The Gods and Their Machines is set possibly in the future, possibly elsewhere. One or two moments suggest a post-cataclysm future.
Rich, technologically advanced Altima is threatened by terrorists from the Fringelands of Bartokhrin. As Altima is dependent on migrant workers from these fringelands, they are caught in the classic trap of how to ensure their own safety. Their answer has been bombing raids to wipe out nests of terrorists and suicide bombers. Chamus, the first of our protagonists, is son and grandson of aviation engineers and is himself training to fly.
After the massacre of his class Chamus crashes his biplane in the Fringelands and meets up with Riadni, a girl of Bartokhrin. Bartokhrin is agricultural, deeply religious and oppresses its women who are kept quiet, and must wear masks of make-up and heavy wigs. Riadni has grown up in a culture where bombing raids are normal and everyone knows someone who has been injured or killed. As a prosperous farmer’s daughter she is also aware that Altima is involved in Bartokhrin in many ways.
Riadni is a gender rebel, and as part of her rebellion joins the terrorists. When she stumbles on Chamus she sees him as her route to status. She only changes her mind when she realises that they will kill him,
The journey to safety is a fairly conventional narrative in children’s fiction, so what is interesting is the way in which McGann handles her political material and the way it constructs her society. You could read the novel as allegory, but I don’t think that does justice to the complexity of what McGann achieves. As the children travel they learn things about each other’s culture in ways which are subtle and complex: Riadni realises both the humanity of the enemy, and that the Martyrs of whom she has heard so much are not entirely willing volunteers. Chamus learns that many of the migrants in his city, of whom he has been taught to wonder “why are they here when they hate us so” are themselves displaced by Altima’s economic adventures in the Fringelands. He (and we) get to see that Altima’s technological superiority has been dug from the lands of Bartokhrin and has polluted the rivers, and destroyed the economy.

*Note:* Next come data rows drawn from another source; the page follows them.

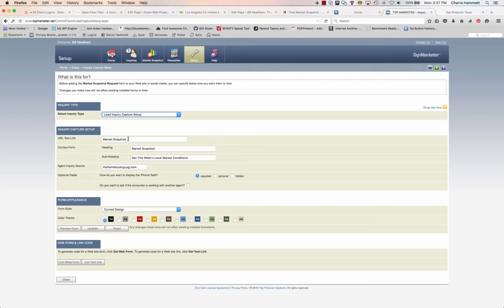The Text Link we're just going to leave alone. The Heading says Market Snapshot — you can change this if you want, for example to 'Market Snapshot of your area.' You can change the Subheading as well. Inquiry Source is really important because when you get a lead you want to know where it's coming from. If you have multiple websites, set up a different inquiry for each one. For the phone field, I always put Required. And you can choose whether to ask if the consumer is working with another agent — that's personal preference.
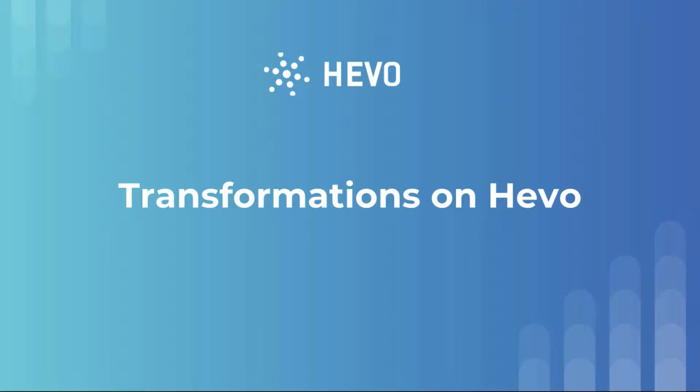Hi! In this video, let me show you around the data transformation capabilities of Hevo. Before I dive in, let me tell you a little bit about the need for data transformations.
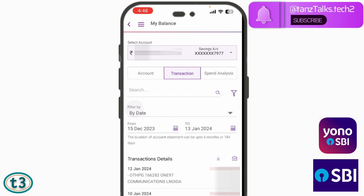That's all for this video. I hope you were able to understand how to download and check the transaction history using the Yono SBI app. Don't forget to give a thumbs up and subscribe to the channel. Thanks for watching.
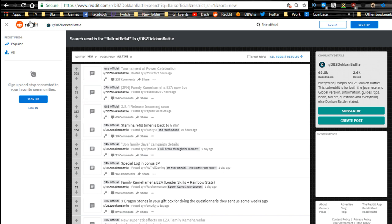Hey guys, what's going on? Today we got a quick news update for both the global side and the JP side of Dokkan Battle. Shout out to the Reddit, shout out to Twitter, shout out to Dokkan DBZ.space and Crusty Leaks from Twitter.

Neither Chamus nor Riadni actually change their mind about their own countries—McGann avoids any such sentimentality—but both are forced to accept the world as a figure ground puzzle. On p. 108 Riadni queries why Chamus keeps referring to “the Fringelands”. “What are they on the fringe of?”
‘Altima…I think,’ Chamus muttered. He had never thought of it that way.
‘Bartokhrin’s twice the size of Altima,’ Riadni laughed. How can we be on your edge?’
Cognitive estrangement is thus a part of the plot. The two protagonists get to be travellers in strange worlds, and in neither case do they come to command them: they remain strangers, but learning strangers. This extends to the end of the novel. Riadni and Chamus manage to deflect the plot to scatter radioactive dust over Bartokhrin—after which Altima will offer its army as aid workers—but Chamus discovers his own beloved grandfather is one of the plotters. Evil is not some nameless conspirator with a moustache and sinister laugh, but a person we have grown to like. It also makes it clear that evil behaviour is part of a wider set of issues, about self-determination, patriotism, economic ambition: all of which are neutral concepts in themselves. When the plot is uncovered Altima is over-taken by recriminations, but it is made clear that only some of these are about the evil of the plot itself. Others are about whether it was simply mismanaged.
At the end of the novel, Chamus and Riadni have forged a friendship, but it is a friendship that leads into the future: it isn’t a solution to anything, nothing has changed between their two countries. Neither of the two protagonists chooses to leave their own culture. Instead, what McGann is offering is another set of consequences based on the idea that cultural knowledge is as much a vector for change as is a material adventure.